**What is required:** What is needed is a faithful copy of all the entries, with no pictures in it.

◇ ◇ ◇

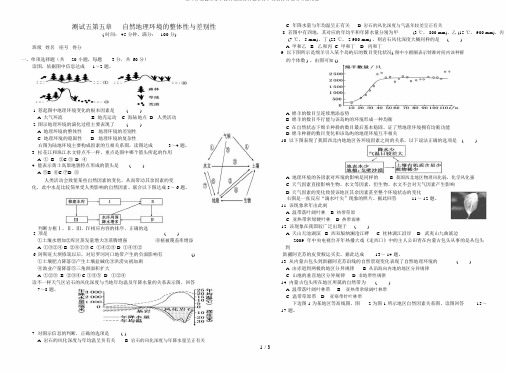 高中地理第五章自然地理环境的整体性与差异性地理单元测试题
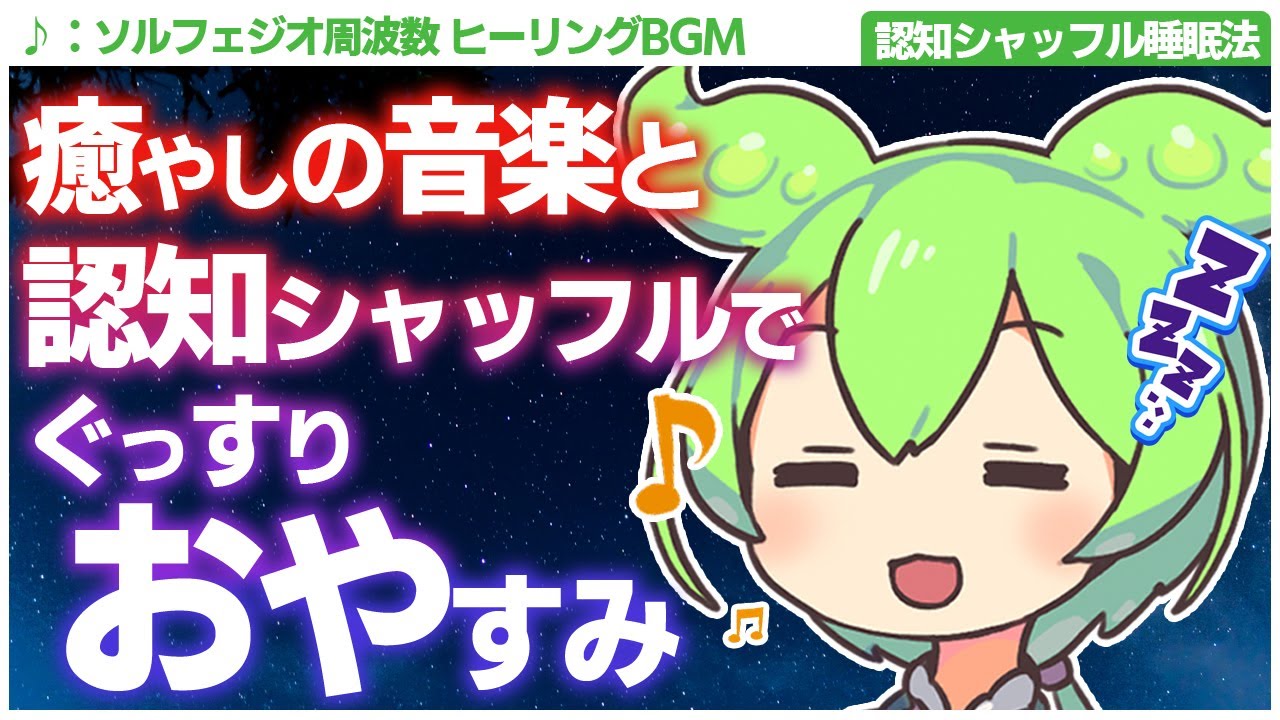 【ASMR】ソルフェジオ周波数のヒーリング音楽でぐっすり眠れる認知シャッフル睡眠法第十四弾なのだ【VOICEVOX】【ささやき】【ソルフェジオ周波数】【音楽】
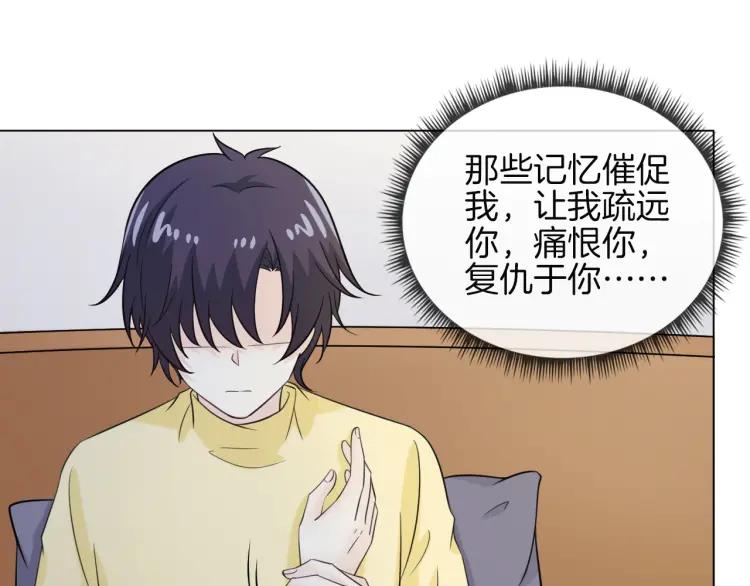 《重生一梦》55 第51话 真心 第21页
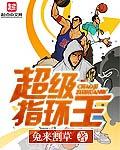 超级指环王封面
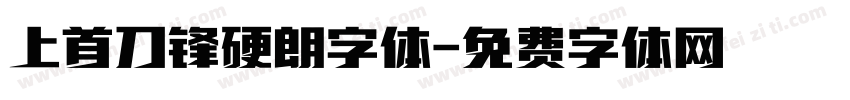 上首刀锋硬朗字体字体转换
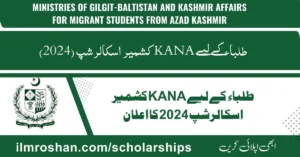 KANA Kashmir Scholarship For Students 2024 KANA Kashmir Scholarship For Students (2024)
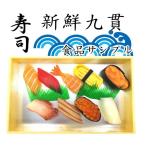 【12AM】お寿司屋さんごっこ 9貫セット 食品サンプル 本物そっくり 折り詰め付き 実物大 おすし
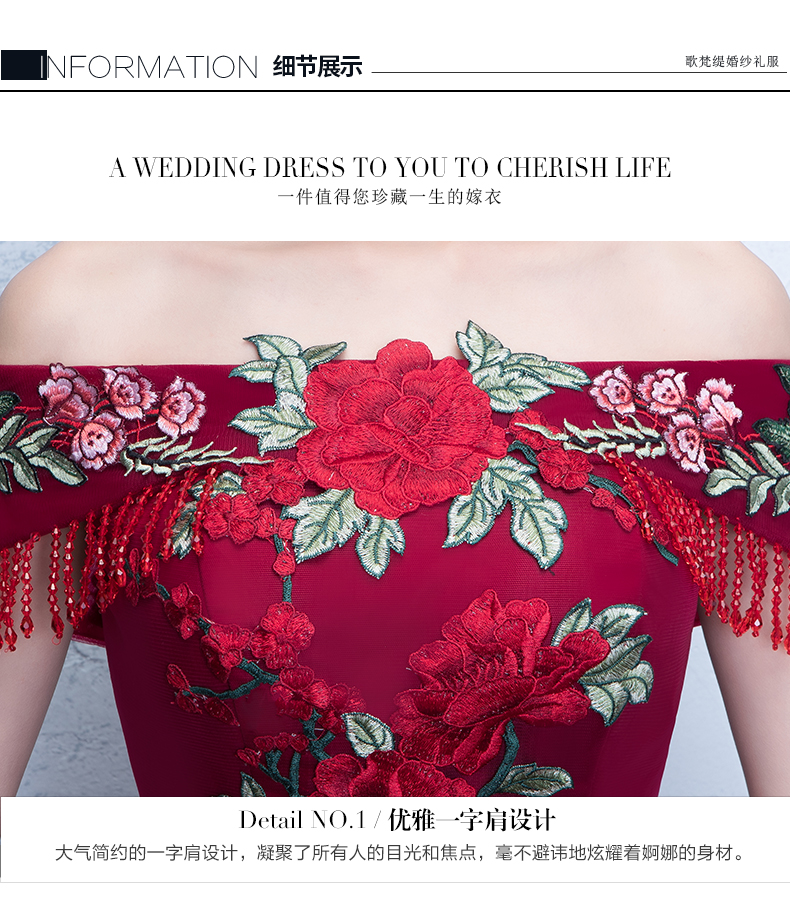 新娘敬酒服，一字肩中式結(jié)婚禮服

◇ ◇ ◇

**Solution:**
 高中地理第五章自然地理环境的整体性与差异性地理单元测试题
 【ASMR】ソルフェジオ周波数のヒーリング音楽でぐっすり眠れる認知シャッフル睡眠法第十四弾なのだ【VOICEVOX】【ささやき】【ソルフェジオ周波数】【音楽】
 《重生一梦》55 第51话 真心 第21页
 超级指环王封面
 上首刀锋硬朗字体字体转换
 KANA Kashmir Scholarship For Students 2024 KANA Kashmir Scholarship For Students (2024)
 【12AM】お寿司屋さんごっこ 9貫セット 食品サンプル 本物そっくり 折り詰め付き 実物大 おすし
 新娘敬酒服，一字肩中式結(jié)婚禮服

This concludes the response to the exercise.